-------- Supplied records --------

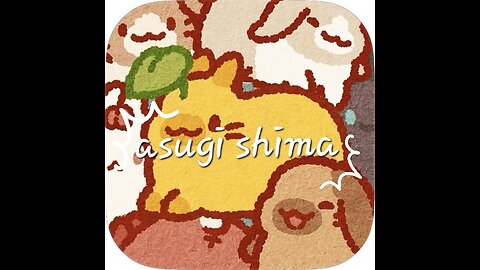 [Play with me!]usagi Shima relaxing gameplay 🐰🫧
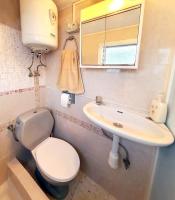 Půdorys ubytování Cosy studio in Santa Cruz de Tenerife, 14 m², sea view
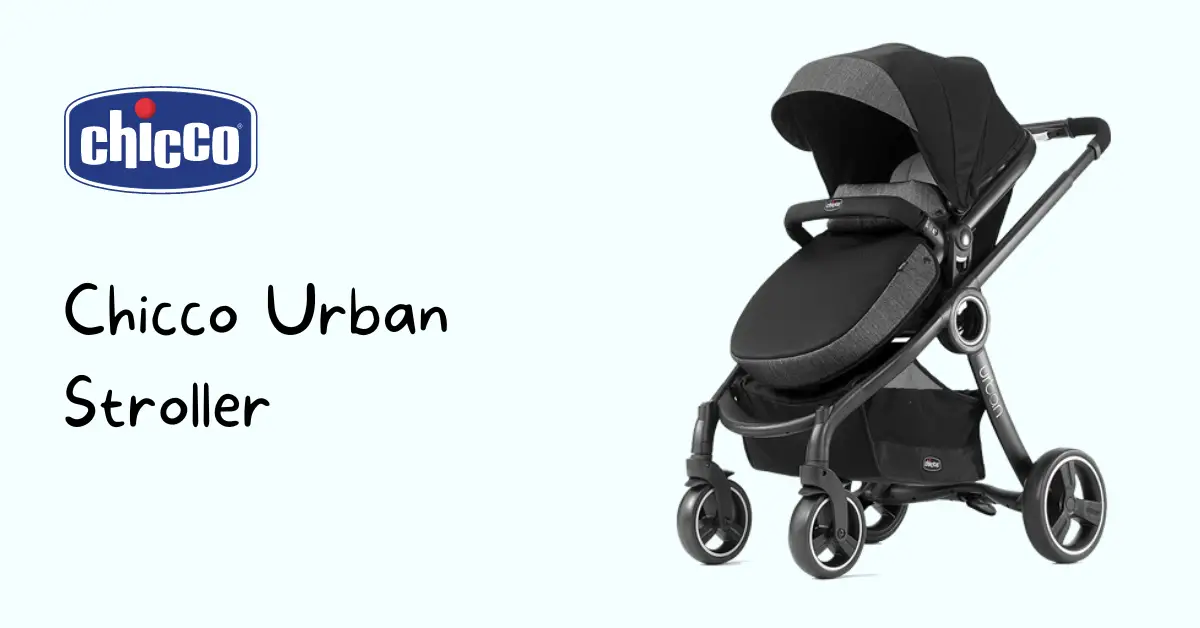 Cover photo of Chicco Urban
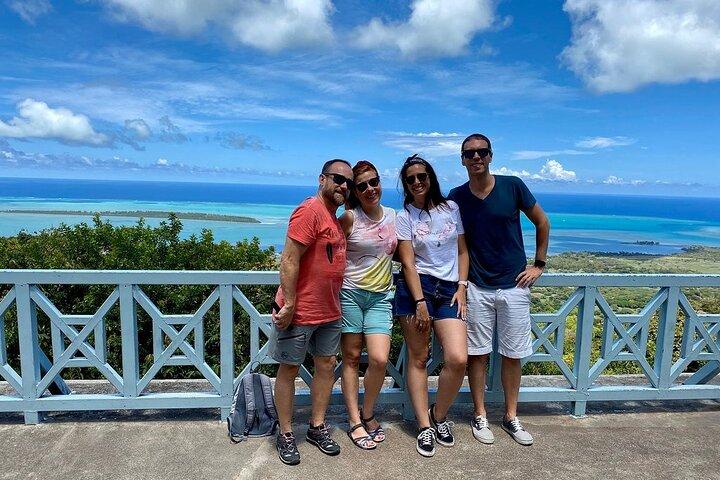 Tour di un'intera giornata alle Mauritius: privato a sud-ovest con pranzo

--------
-------- Supplied records --------

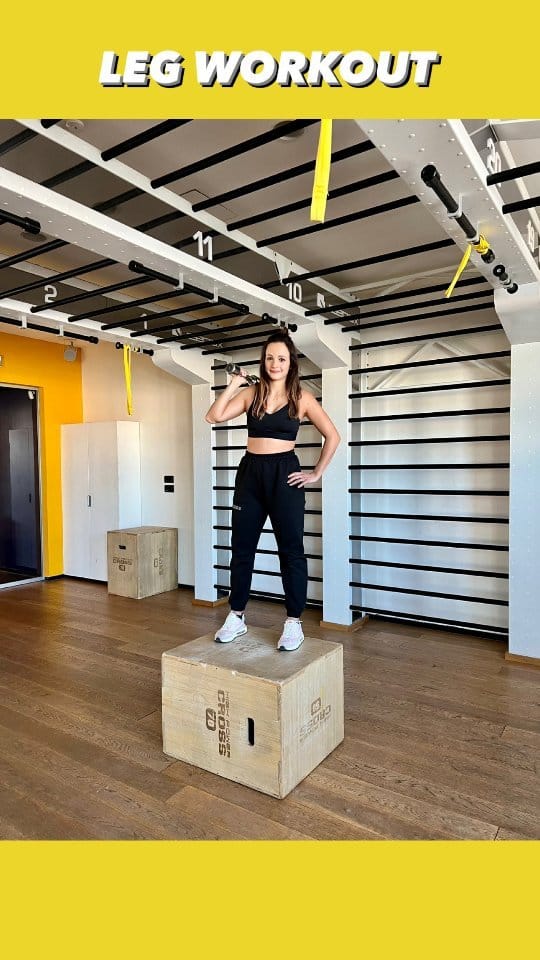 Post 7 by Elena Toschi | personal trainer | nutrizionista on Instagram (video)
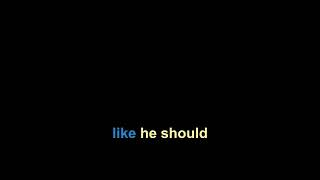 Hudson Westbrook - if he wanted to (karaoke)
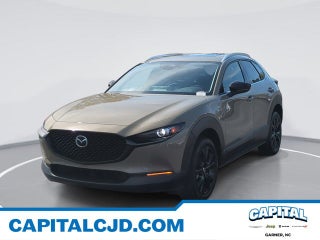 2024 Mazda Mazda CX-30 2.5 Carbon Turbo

--------
-------- Supplied records --------

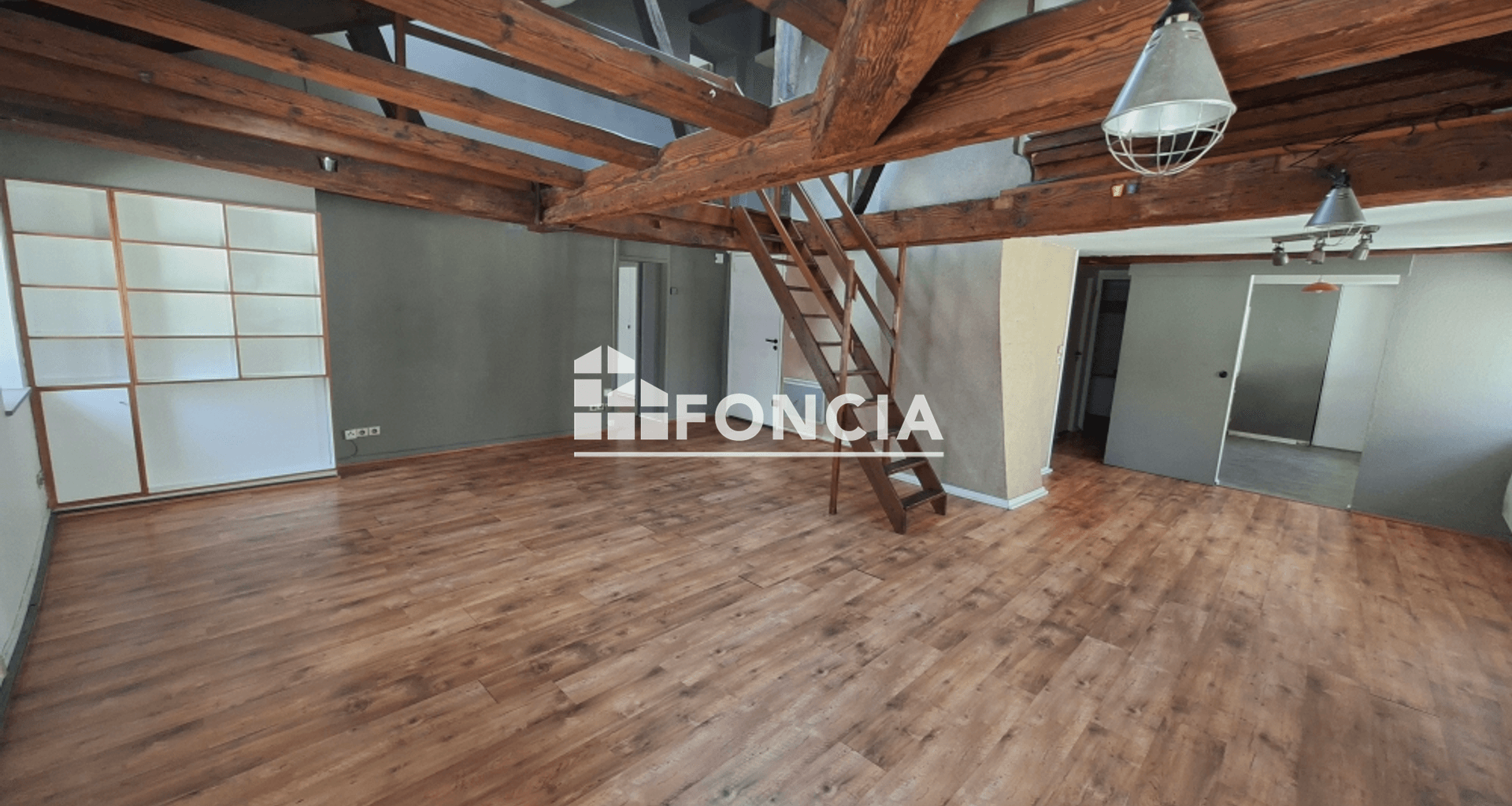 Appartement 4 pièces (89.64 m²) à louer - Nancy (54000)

--------

• [Task statement]:
Of the lines above, quote exactly those from the one with "Cover photo of Chicco Urban" through the one with "Tour di un'intera", ends included; pictures stay out.

• [Answer section]:
 Cover photo of Chicco Urban
 Tour di un'intera giornata alle Mauritius: privato a sud-ovest con pranzo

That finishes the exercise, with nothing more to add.